What happens with Clint is the fairytale conclusion - the one who doesn't try to take her away she voluntarily follows. It's also children's/teenage logic really, not doing what you're told, not conforming to expectations. There's the fascination, that of all of them Clint actually came close to giving her what she suddenly realised that she wanted...and then didn't. Then, out of all of them, he is the one most like her. But then he goes further, because he's able to kill the people who took her when she couldn't.

It's kind of sad really, that Natasha has all those opportunities to leave and can't take them, because she's afraid of leaving the monsters she knows or because those monsters have made it so she can't, and she can't tell which, and in the end she walks away with Clint, another assassin, to SHIELD, to an adult and painful life. But then would an ambiguous life in the Dreaming, or running wild with the Doctor, or being a vampire/vampire's toy worked out better considering the person that she is?

There's a bit of an arc about growing up thrown in as well, from losing the capacity to dream, to taking business over adventure and knowing rather than experiencing, to sexuality, to no longer feeling like a child even when amongst people older, to realising what it is you want...to not getting it and chasing something else, finally walking away with the new. And some other stuff, but children and fairytales were the things this was built with :)

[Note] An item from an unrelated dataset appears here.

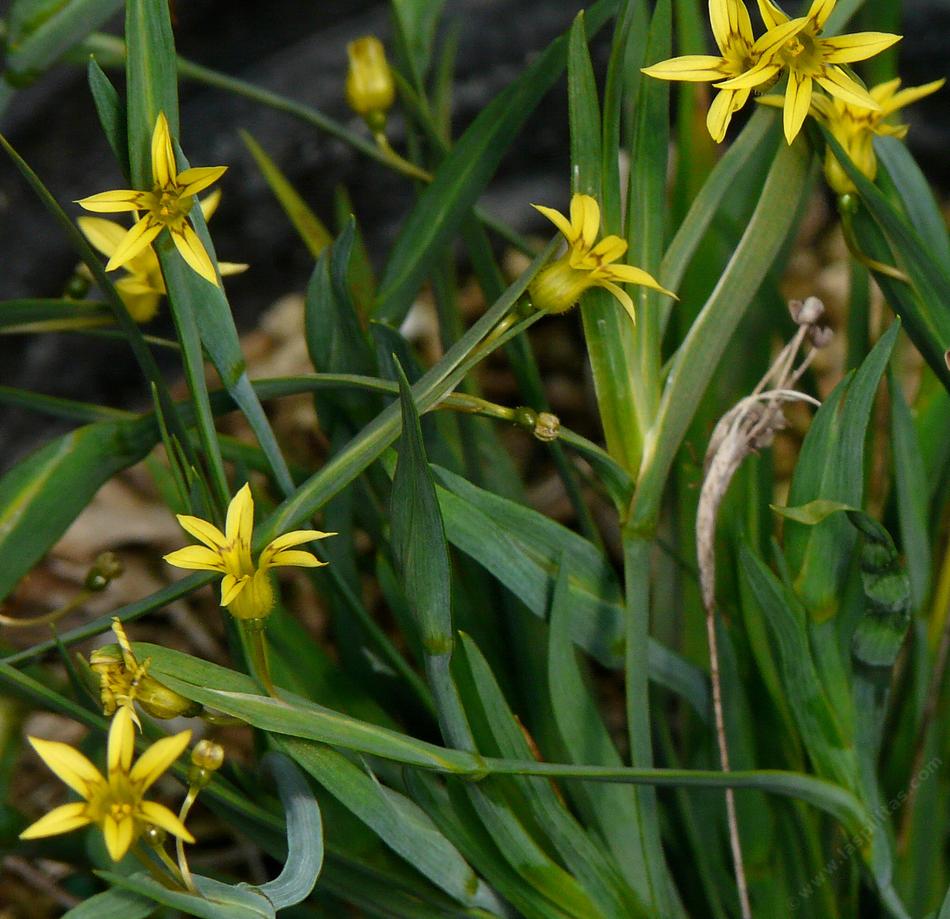 Sisyrinchium elmerii is a very small yellow eyed grass. Little yellow eye.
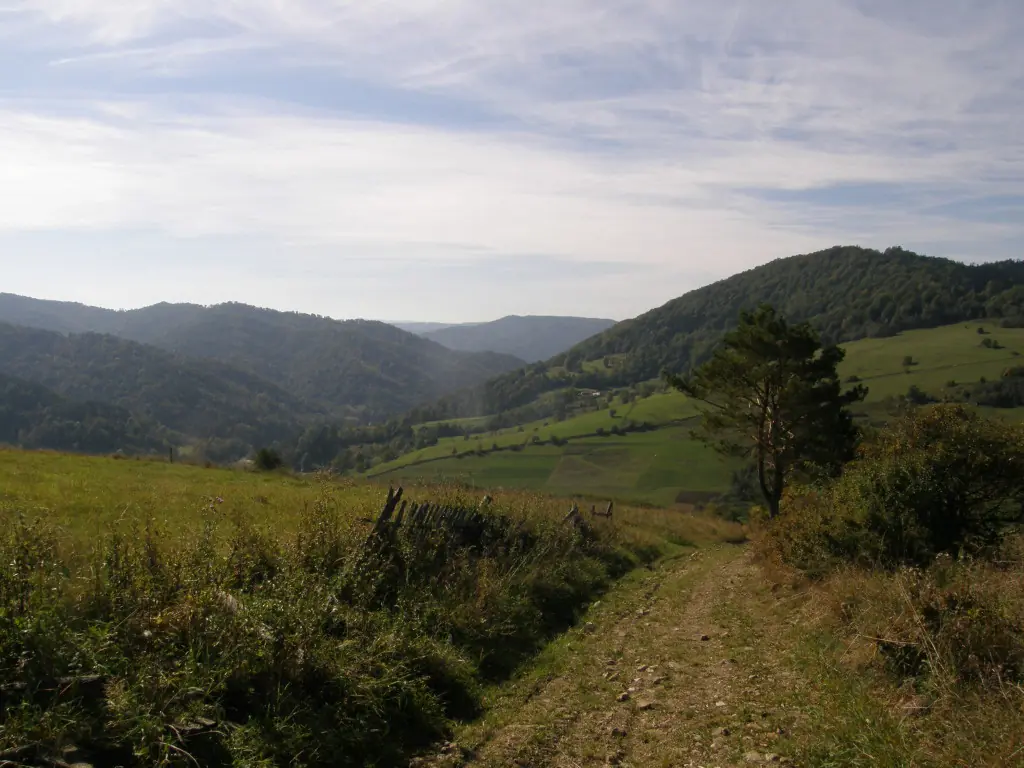 Okolica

Now you've pointed out your thinking, I guess the Natashas of red thread and Kobyoshi (can never spell that lol) are trying to use the potential that this Natasha shows herself to have, to chase that thing Clint sees, that small sense of self, and to build from it? And Natasha and fairytales, Natasha and myth...Natasha and stories. (And, seriously, you need to read Deathless!) In On Names I played with a bit - the Black Widow, the myth, the legend, because she is a story, isn't she? In and of herself.

Oddly enough, that bit you picked up on at the end, and this fic, whilst looking for Natasha gave me my Clint :) It is absolutely my headcanon that he 'made a different call' because he saw a capacity within Natasha for self, for something different, for what she becomes. And the theme of him really, truly seeing Natasha is a thing for me. So much so that that's why Clint sees the nature of things in The Nature Of Dust!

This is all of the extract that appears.